Maybe you still remember the muslin shirt for my husband, it has been sitting beside my sewing machine the whole time begging me to do something about it. After Peter published his last post for the Men’s shirt sew-along several days ago, I finally picked up the muslin shirt and continue from that point.
In the first fitting, I thought the crease and folds problem were caused by the neckline being too high. However, Peter suggested here that the problem was that the shoulders need to be lowered. He was right!
There are two pattern drafting books in my bookshelves, they are for women and fitting problems are not addressed too comprehensively in the books. So I had to guess my way around or buy a better book. However, there is an advantage in participating in a sew-along, I can find help from other people! Here are two links that helped me gaining more confidence in doing the alterations:
- Alterations: Square shoulders at Stitches and Seams. Debbie said, “For sloping shoulders, you would do the opposite. I.e., lower the outer edge of the shoulder and drop the armhole the same amount.”

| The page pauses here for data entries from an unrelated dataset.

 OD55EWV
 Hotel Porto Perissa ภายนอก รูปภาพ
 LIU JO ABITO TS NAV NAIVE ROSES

- Addressing FIT: The sloping shoulders at Male Pattern Boldness. A comprehensive step-by-step pictures of how Peter adjusted his pattern for his sloping shoulders.

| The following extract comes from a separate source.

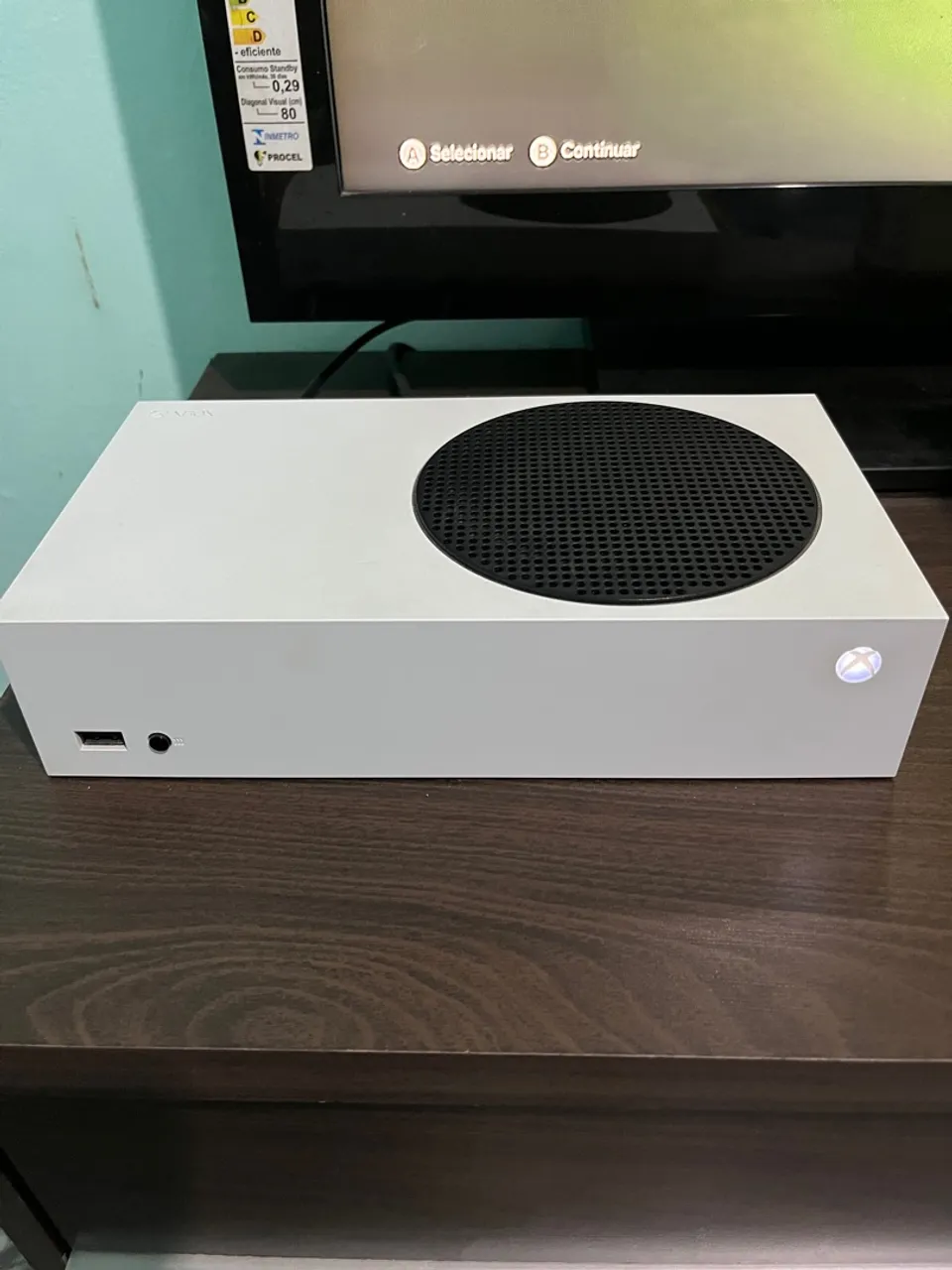 Xbox Series S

I’m going to do the sloping shoulder adjustment for my husband’s shirt. The shoulder is also a tad too long and need to be shorten a bit. Here’s what I did:
- Determining the excess amount. I pinched on the shoulder until the diagonal crease disappeared, keeping it not too tight, then pinned the excess fabric. Then I transferred the pinned amount to the pattern, lowering the shoulders of the front and back pieces. Peter lowered the shoulders only on his back piece because that’s where the diagonal crease on his shirt.
- Lowering armholes. With the upper part being pinched, the armholes are getting smaller and tighter. To prevent this, the bottom of armholes is lowered in the same amount as what I took from the shoulder. Lowering shoulder -> lowering armholes = keeping armholes in the same length as before.
- Shortening the shoulder. I placed the front piece, yoke, and back piece together and removed some amount from the shoulder, drawing a new curved line. Then I added an amount to the top of the sleeve and drew a new curved line.
Now that the pattern adjustments have been made, let’s hope that a second, better-fitting, muslin will materialize soon!